====== DATA RECORDS

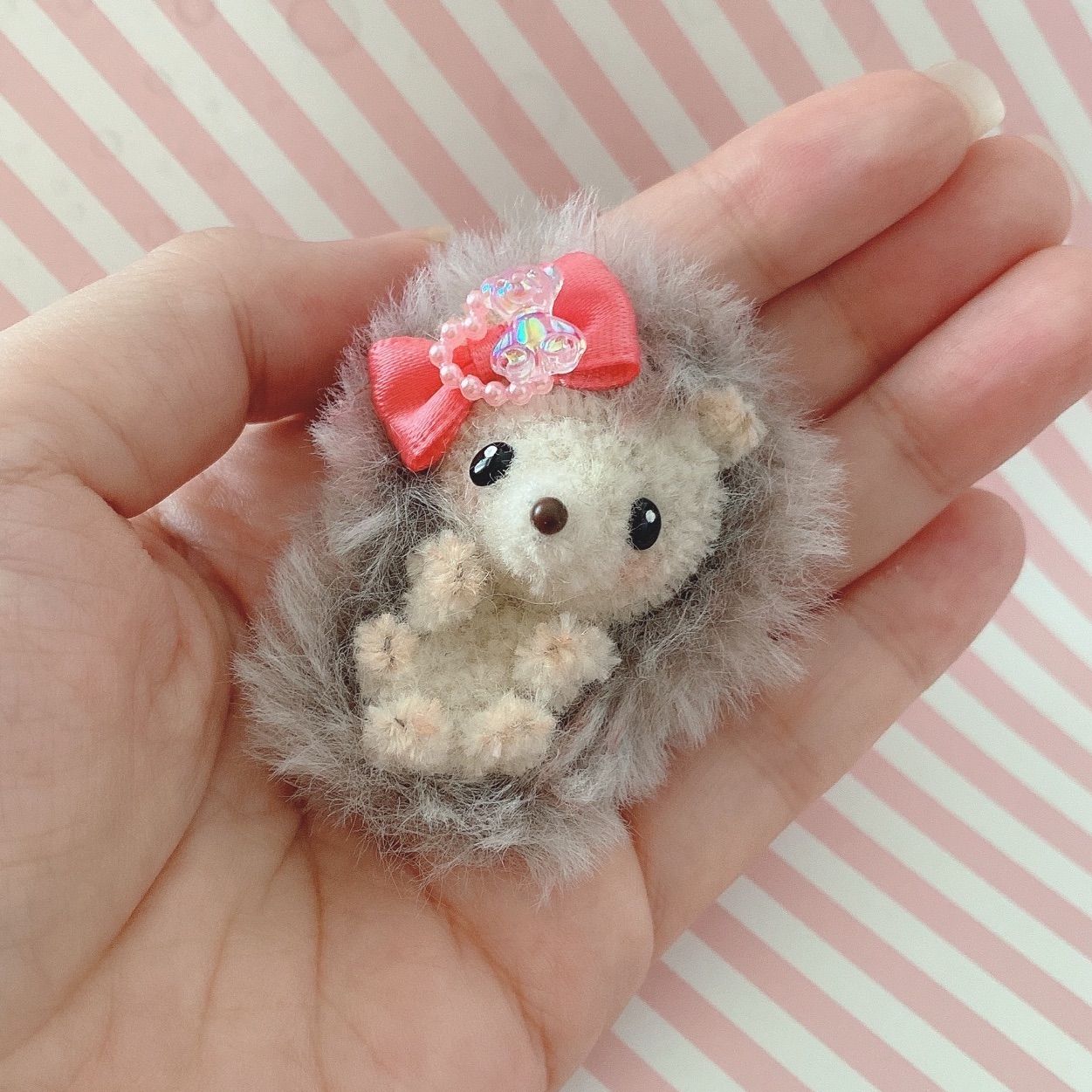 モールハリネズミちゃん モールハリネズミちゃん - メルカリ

============
====== DATA RECORDS

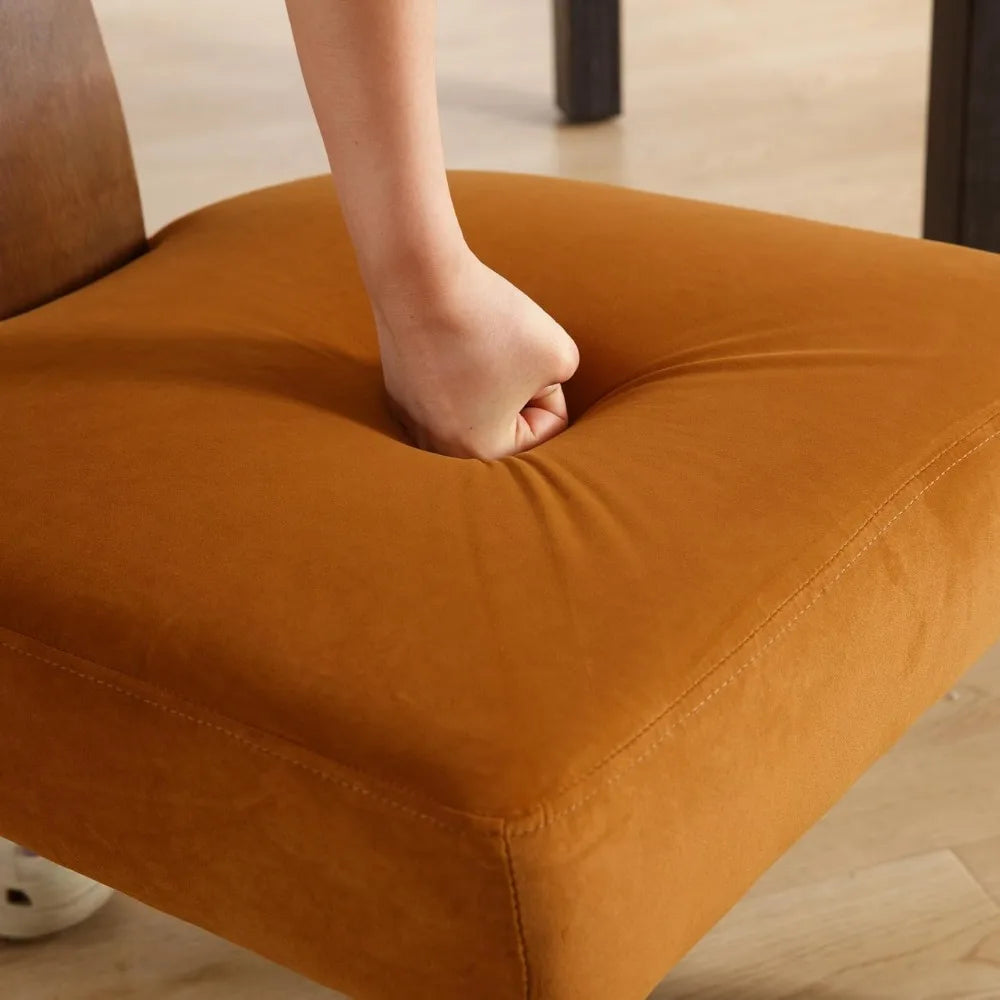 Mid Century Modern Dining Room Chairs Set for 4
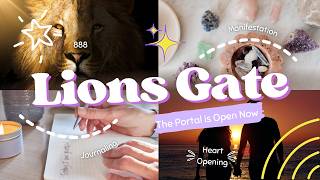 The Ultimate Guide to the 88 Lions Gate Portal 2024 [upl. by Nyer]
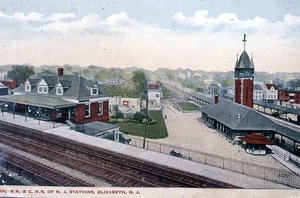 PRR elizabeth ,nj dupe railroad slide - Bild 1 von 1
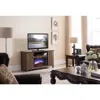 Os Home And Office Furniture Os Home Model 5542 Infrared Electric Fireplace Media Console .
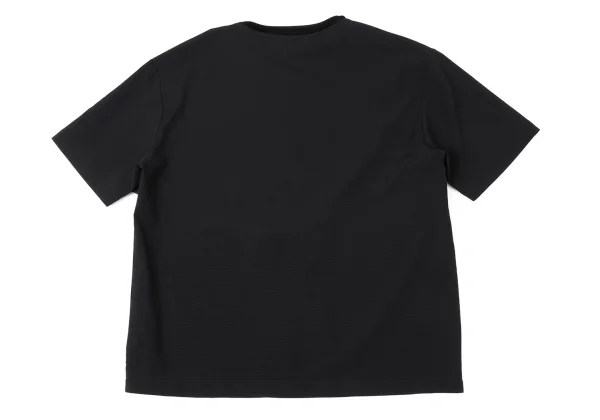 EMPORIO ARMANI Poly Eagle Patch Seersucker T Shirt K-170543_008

============

TASK PROMPT
In the listing above, find the line with "Os Home And" and output every line through the one with "EMPORIO ARMANI Poly", exactly, without the pictures.

TASK OUTPUT
 Os Home And Office Furniture Os Home Model 5542 Infrared Electric Fireplace Media Console .
 EMPORIO ARMANI Poly Eagle Patch Seersucker T Shirt K-170543_008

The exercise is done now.